Sep 10, 2015

What I did,normally don't do, have done and will be doing!

Last semester one of my college classes was on learning the nuances of MS Excel. We had to do a final project for the class using the various analytical, mathematical, and chart/graphing tools that Excel has. I chose a project that used Excels statistical functions, "Boolean operator tools"  (GOOGLE Boolean operators to find out what they are), and graphing tools, to see if there was any correlation between fall temperatures and the upcoming winter's snowfall. The study was done for Glens Falls, NY. This study was modelled after one that was done for Boston, MA.

The study was done to see if there was any correlation between fall temperatures departures from normal (for the months of October and November) and the upcoming winter snowfall.

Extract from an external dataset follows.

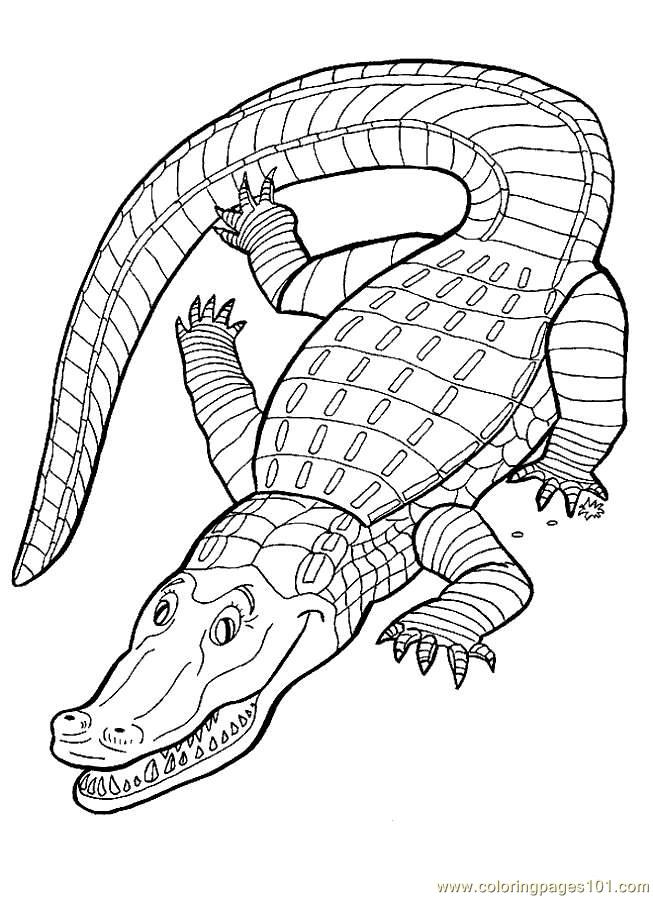 Alligators Coloring Page - Free Alligator Coloring Pages ...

In any sort of a forecast that I make, using statistical analysis of  weather data is part of my mix. With any sort of a long-range "outlook" statistics can prove extremely useful.

Now I normally don't make winter weather outlooks. Heck forecasting the next 5 to 7 days of weather is enough of a challenge for me let alone trying to forecast for a whole 3 month season that is still a quarter of a year away from starting! Yet, quite a few folks are asking me what this winter will be like. especially since some folks are already coming out with their forecast and  the Farmer's Almanac is also out, too.

So here is what I will do. I'll hold off on my not very specific winter weather outlook until November is almost done and in my next blog post I'll have more detailed information including nice charts and statistical data from my class project from last semester to see what if any correlation does exist between fall temperatures and the upcoming winter snowfall.